Since his youth, Walt Disney wanted to be a newspaper cartoonist, but he found himself constantly rejected. A reporter once told him that he ‘lacked imagination and had no good ideas’. After Disney founded his first cartoon studio at the age of 22, a bad business deal left the company bankrupt. This led to a trip to Los Angeles. All he had with him was a suitcase that contained a shirt, two undershorts, two pairs of socks and some drawing material.

His attempt to become an actor never came true, but he founded Disney Studios with his brother Roy. During World War II, the United States army took over Disney Studios as a repair shop for tanks and artillery. His animators were all sent to war, including Disney. The company ended up with a debt of more than $4m as business after the war was slow. Although they had started distributing in Europe, Walt and Roy were having problems getting finance to the USA. So, they started producing feature films overseas.

What are the lessons we could all learn from the six entrepreneurs above? (i) Never give up, and (ii) Nothing of value ever comes easy. As Henry Ford once said, ‘failure is the opportunity to begin again more intelligently’.

Quality # 5. Opportunity Orientation:

Entrepreneurs realize that every event and each situation is a business opportunity. Ideas are constantly being generated about workflows and efficiency, people skills and potential new businesses. They have the ability to look at everything around them and focus it toward their goals.
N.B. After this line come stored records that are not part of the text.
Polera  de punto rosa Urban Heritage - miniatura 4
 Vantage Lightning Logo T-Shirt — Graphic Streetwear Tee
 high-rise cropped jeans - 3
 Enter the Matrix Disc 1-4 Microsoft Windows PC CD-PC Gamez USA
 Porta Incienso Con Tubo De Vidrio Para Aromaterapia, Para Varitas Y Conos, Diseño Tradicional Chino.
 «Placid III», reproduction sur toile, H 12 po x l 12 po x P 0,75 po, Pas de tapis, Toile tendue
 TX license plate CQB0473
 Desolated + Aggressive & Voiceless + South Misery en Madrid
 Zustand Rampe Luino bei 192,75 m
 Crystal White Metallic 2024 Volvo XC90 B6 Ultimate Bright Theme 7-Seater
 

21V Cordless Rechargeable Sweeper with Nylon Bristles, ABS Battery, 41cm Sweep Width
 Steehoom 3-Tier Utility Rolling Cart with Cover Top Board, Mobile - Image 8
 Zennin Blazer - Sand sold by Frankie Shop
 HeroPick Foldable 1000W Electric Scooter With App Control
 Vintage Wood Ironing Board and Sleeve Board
Successful entrepreneurs spot an opportunity, build a strategy around that and proceed with an action plan to make things happen.

While making things happen they rely on their ‘gut feeling’. Most entrepreneurs rely more on gut feelings to make decisions than they do on a conscious analysis of a situation. Even though they may be highly analytical and like to accumulate lots of data, their actual decisions are usually based on what feels right. A recent survey of top level executives and company owners reported that most high-income decision makers gather as much information as possible and consult with their mastermind team, but in the end, they make decisions based on gut feelings or intuition.

Herb Kelleher and Southwest Airlines:

When Herb Kelleher took an aptitude test at Wesleyan University, where he majored in English, he was told that there were three things he was best suited for – working as a journalist, an editor, or a lawyer. Kelleher chose law, and it was a good thing. It would take five long years of often tortuous litigation by competitors to get Southwest Airlines out of court and into the air in June 1971. In an industry plagued by vast amounts of red ink, Southwest marked its 39th consecutive year of profitability in 2011, a seat unmatched in the US aviation history.

What’s more, Kelleher, 81, proved that one could still charge low fares and make a tidy profit. Southwest is not only the largest US domestic airline but it is also responsible—as one economist noted—for 90 per cent of the low-fare airline business that exists in America. How did Kelleher do it? He kept costs extraordinarily low and customer service high, and he did both by creating a culture that respected the people he carefully hired.

Like Sam Walton, he understood that frontline personnel can either make or break you. And Kelleher got his people to sign on to the program through profit-sharing plans and stock options that made the employees feel and act like owners. This strategy separated Southwest from the pack. Kelleher knew from day one that Southwest—which wanted to fly uncontested routes at discounted prices—would not survive the brutal competition without the wholehearted support from its employees.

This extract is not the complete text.